Judy Garland at the End of Her Rope and Her Rainbow
A stunningly acted portrayal of big-screen icon Judy Garland’s final years serves as a cautionary tale for the Me Too generation.Many over the age of 50 know Judy Garland as Dorothy Gale of “The Wizard of Oz.” Or perhaps the emotional cabaret singer celebrated as “The Elvis of the gays.”
In the future, it is likely that the actress and singer will be remembered as Renee Zellweger portrays her in “Judy.” Wraith-thin, with geological layers of eyeliner and mascara encrusting birdlike eyes, her bravura vibrato plays on the heartstrings of all within earshot. Zellweger’s embodiment of the woman whose creativity was fueled by her own self-destruction presents Garland as Hollywood’s sacrificial lamb to the celebrity gods.

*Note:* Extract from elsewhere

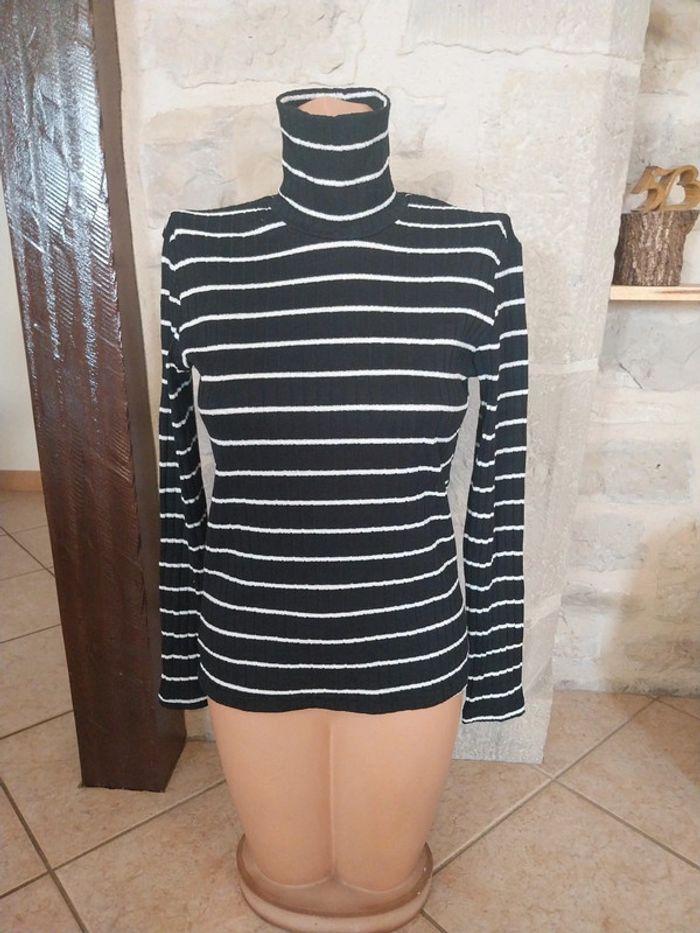 Pull femme col roulé taille S noir et blanc en tres bon etat - photo numéro 4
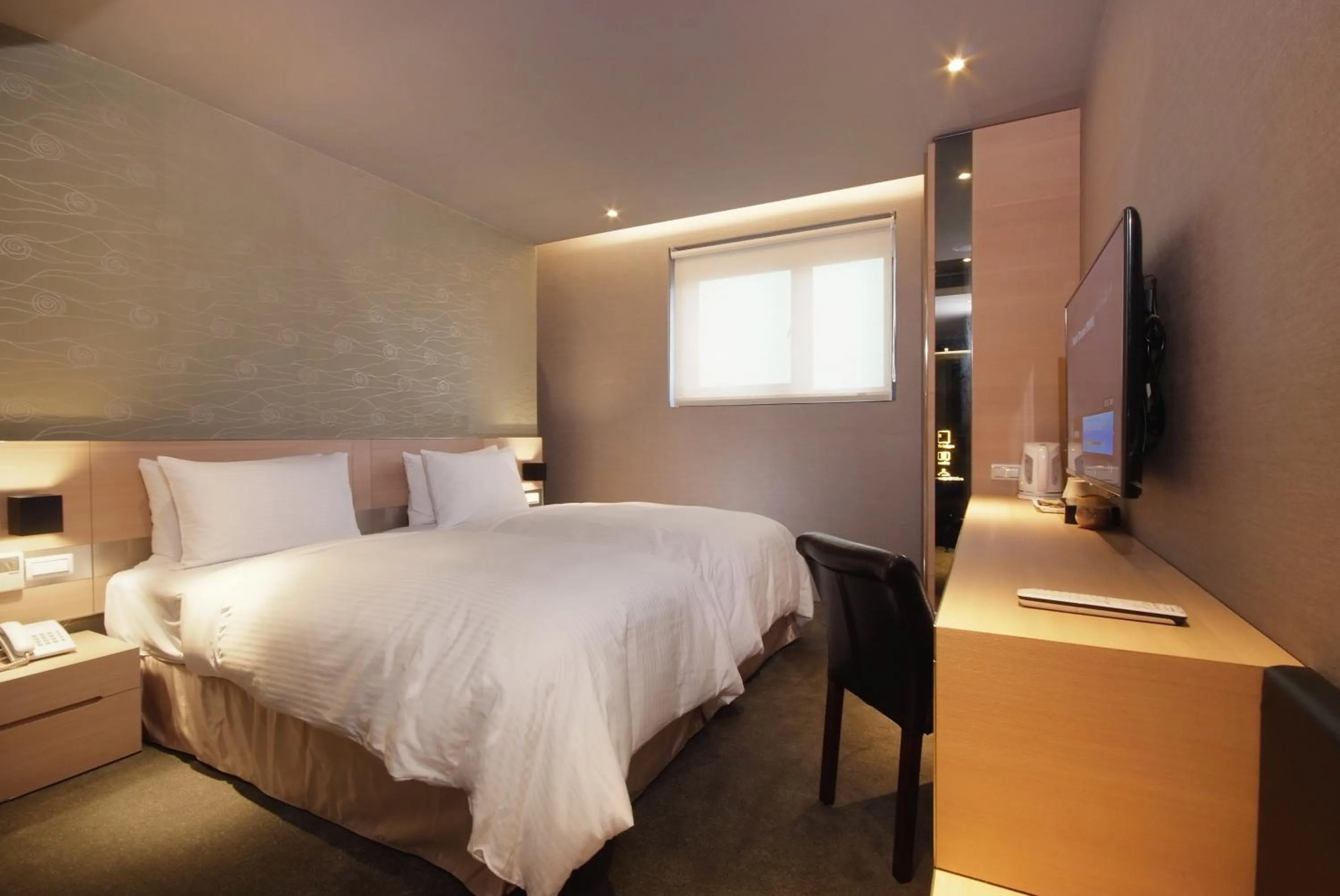 bunk bed, Bed in Guest Hotel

Rupert Goold’s biopic opens in 1968. Accompanied by her school-age children, Lorna and Joey, Garland—financially insolvent and emotionally spent after a performance—is denied the keys to her suite in a Los Angeles hotel. She hails a cab, pops some pills, and takes the kids to the home of their father, Sid Luft (Rufus Sewell), who thinks she’s an unfit mother and demands primary custody. He’s right, but she doesn’t want to lose them.
She accepts a gig in London at The Talk of the Town, where she hopes to make enough money to pay for a house. In an astonishingly tender scene, Garland reassures her anxious children that when she returns, the three of them will live in a closet together.
Zellweger delivers such a nuanced and stunning portrait of the artist at the very end of her rope—not to mention her rainbow—that only in retrospect did I notice the gaudy frame surrounding it. At dramatic points, the film flashes back to show how the bright-eyed girl born Frances Gumm was used and abused by MGM Studios and became Judy Garland, this gimlet-eyed amphetamine and alcohol addict.
So immediate is Zellweger’s portrayal that the flashbacks seem almost redundant. Yet they do indicate how the studio systematically eroded her ego by reminding her that she was not pretty enough or thin enough, encouraging her dependence on amphetamines to lose weight and stay alert on set. Pushing her to do something about that nose. Encouraging her to act onscreen and off. In one chilling scene—metaphorically if not literally factual—the studio stages a birthday pool party for her in order to provide pictures to the press, all the while insisting that she not eat the cake or get her hair wet.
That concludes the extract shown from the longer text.